Overview: In the wake of Gordon’s death, Batman and Batgirl charge into battle with Azrael.
Synopsis (spoilers ahead): As medics rush Gordon to the hospital after being stabbed and hurled off a building by Azrael, we see a much younger Gordon with Barbara as a child in flashbacks. Barbara seeks advice from her father about a conflict at school with a bully, and he tells her to follow her own rules in fights – pushing back to win. In the hospital, Barbara passes Batman, who turns to follow her. They find Gordon, dead, and Batman crumples over the body of his dear friend and ally.
At the GTO, Barbara berates Montoya, Bullock, and Duke for letting her father die, then rounds on Batman and Dick. They let her go, as Montoya tries to salvage the situation and determine their foe’s identity.
Batman vanishes, heading to Leslie’s clinic where Harley and her twins rest. He tells Leslie of his plans to unmask before the whole city, and then collapses again when he tells her of Gordon’s death.
Barbara plans her attack, as Dick tries to get her to calm down and connect with himself and Bruce. He fails, as Barbara finds Azrael’s vehicle and heads off to enact vengeance.
Bruce takes Leslie to one of his Bat-Safe-Houses, and she tells him how she and Alfred obtained Edmond Wayne’s journal – from a mysterious vanishing group claiming to represent Bakkar’s descendent in the Order of St. Dumas, and giving it to Alfred so that Bruce can prevent the Joker from restarting the battle between Bakkars and Waynes. Alfred couldn’t decipher the clues, and Batman finds himself stumped as well.
Barbara takes heavy weaponry and the Bat Tumbler, joined by Bullock who is fully on board with her plan of revenge. Dick calls Batman letting him know of Barbara’s plan, and Batman yanks his bike in pursuit of his allies.
Jean Paul’s allies tell him to take his cancer pills, to allow him to fight to the end, instead of dying to disease. His team expresses loyalty to him, but not to his or Ruth’s mission against the Batman – just as Barbara slams into their military vehicle from the side, pushing both vehicles off a cliff. She prepares to unload her machine gun into Azrael, but Batman arrives and yanks the gun away.

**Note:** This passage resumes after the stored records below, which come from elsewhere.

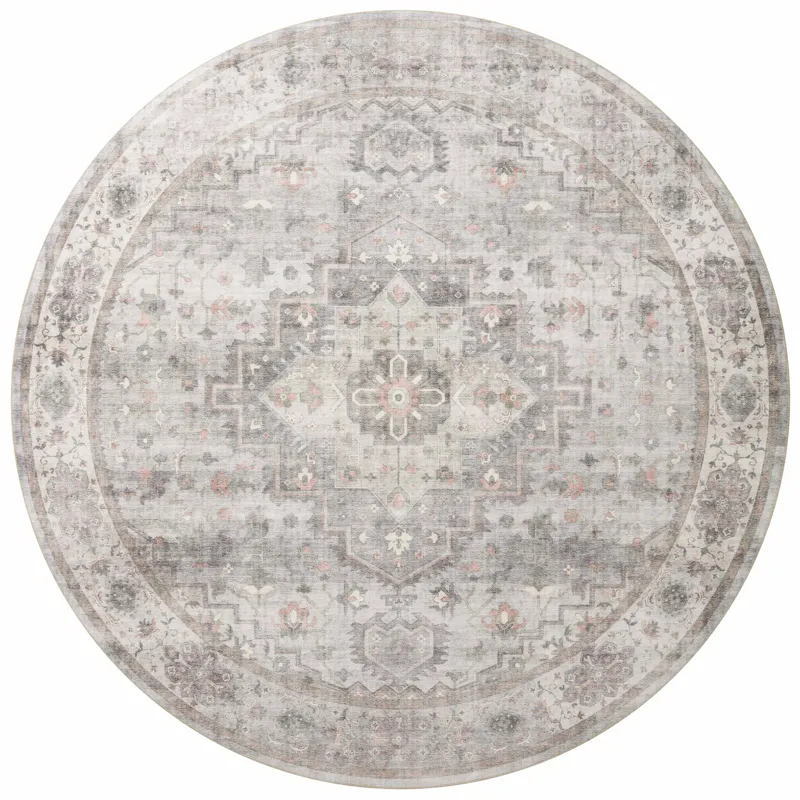 Heidi Dove / Blush Rug (2' 6" X 11' 6")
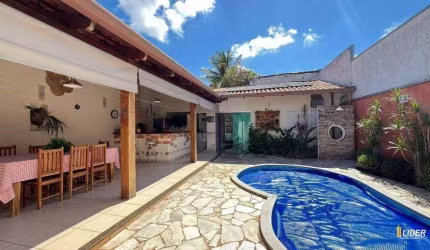 Casa à venda, 4 quartos, 2 suítes, 4 vagas, Vigilato Pereira - Uberlândia/MG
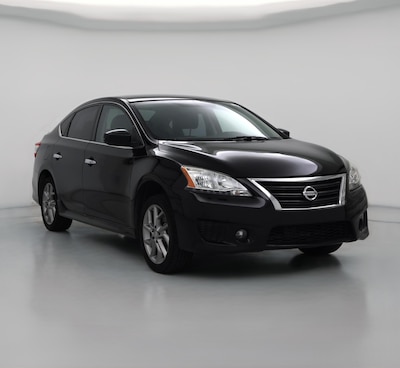 2014 Nissan Sentra SR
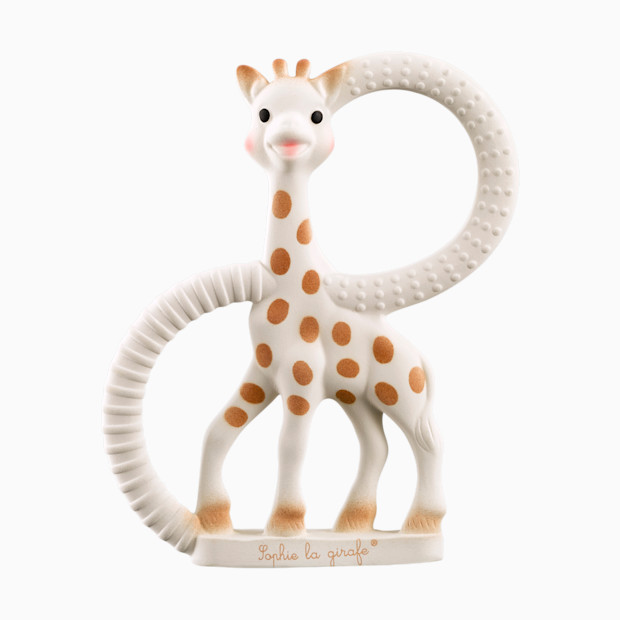 Vulli Sophie la Giraffe So'Pure Teether.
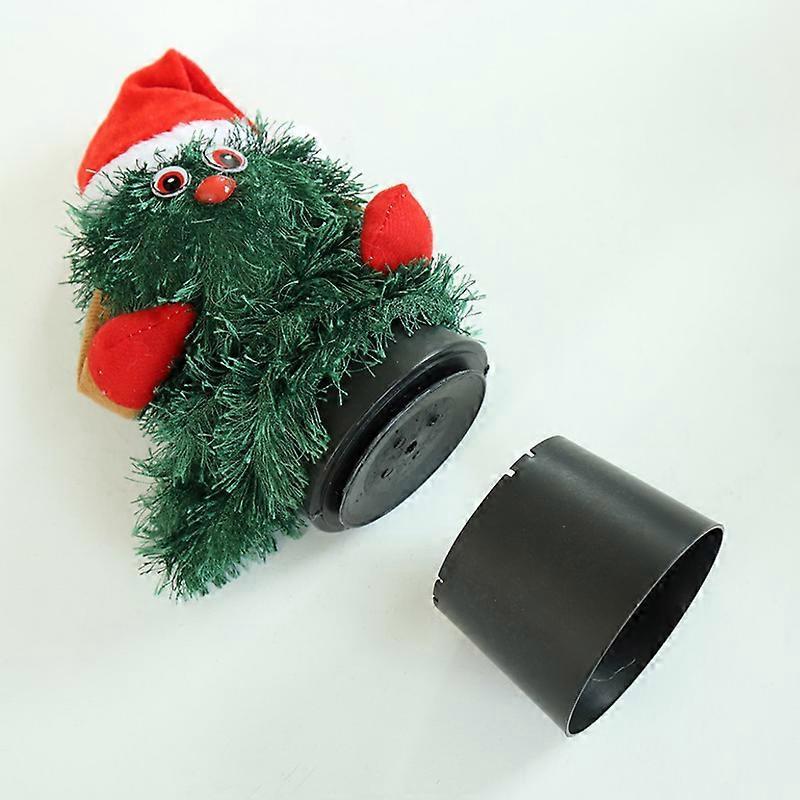 Electric Rotating Christmas Tree Children's Christmas Toys Electric Christmas Toys and Gifts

In response, Azrael appears to break Barbara’s back over his knee. Batman attacks, but Azrael knocks him out with the flat of his sword. Azrael’s team departs, and Dick arrives to find Batman carrying a broken Barbara away from the flames.
Analysis: After a frustratingly clumsily written last issue, this installment steps up the plotting and character connections, though a few elements still hold it back from satisfaction. Murphy chooses to make Batman directly responsible for leaving Barbara vulnerable to Azrael’s spine-snapping attack by taking her gun – lending more weight to the eternally frustrating question of whether Batman should make the choice to not kill for everyone, instead of just for himself. The series of defeats suffered by Batman and his family in these two issues also destroys a lot of the potential for enjoyment, particularly since Gordon’s death and Barbara’s injury seem to have no real purpose outside of a feud without full understanding. Perhaps in light of future revelations the battle between the Waynes and St. Dumas’s Order will seem more worthwhile, but for now, the Gordon family lies in burning wreckage for no solid cause.
Unlike the last issue, where Gordon’s death was undercut by the serious lack of consistent development of Jim’s character, Barbara has serious elements that make her quest and injury more powerful – her relationship with her father in the flashback, though perhaps a bit manipulative, seems sincerely written and effective. Murphy even adds a manga-esque heart between father and daughter when Jim kisses Barbara as a child. As usual, though the writing and structuring of Murphy’s stories are generally fairly middling at best, his art, beautifully brought to colored life by Matt Hollingsworth, powerfully conveys the emotions the words don’t quite evoke.
Unfortunately for those who wish to see if Murphy has killed Barbara, or whether he’s decided to try to incorporate a version of Oracle into his universe, next month we have the release of Von Freeze, a one-shot set in the 1930s and 40s of this universe, drawn by legendary inker and artist Klaus Janson. We’ll be covering that issue right here!
Unlike the last issue, where Gordon’s cover was featured only as the variant, Batgirl’s cover features as the main cover this time, and it accurately reflects the interior story with Barbara’s extremely heavily armed figure dominating the cover, while Batman on his futuristic Bat-bike races off a roof. Unlike some covers by interior artists, this cover also functions beautifully as a single, non-sequential image, with careful composition, colors, and framing. The color spectrum used also presents a lot of interest, limiting the palette to the warmer end of the spectrum – reds, yellows, purples – but no really vivid hues, instead presenting more muted or mixed tones, underlining the darker and hotter emotional spectrum of the interior narrative. The variant cover, this time, focuses on Alfred, a character who died in the last series, but features heavily in the flashback section of this issue.
Final Thoughts: Tragedy follows upon tragedy as Azrael continues to prevail in his struggle for the soul of Gotham.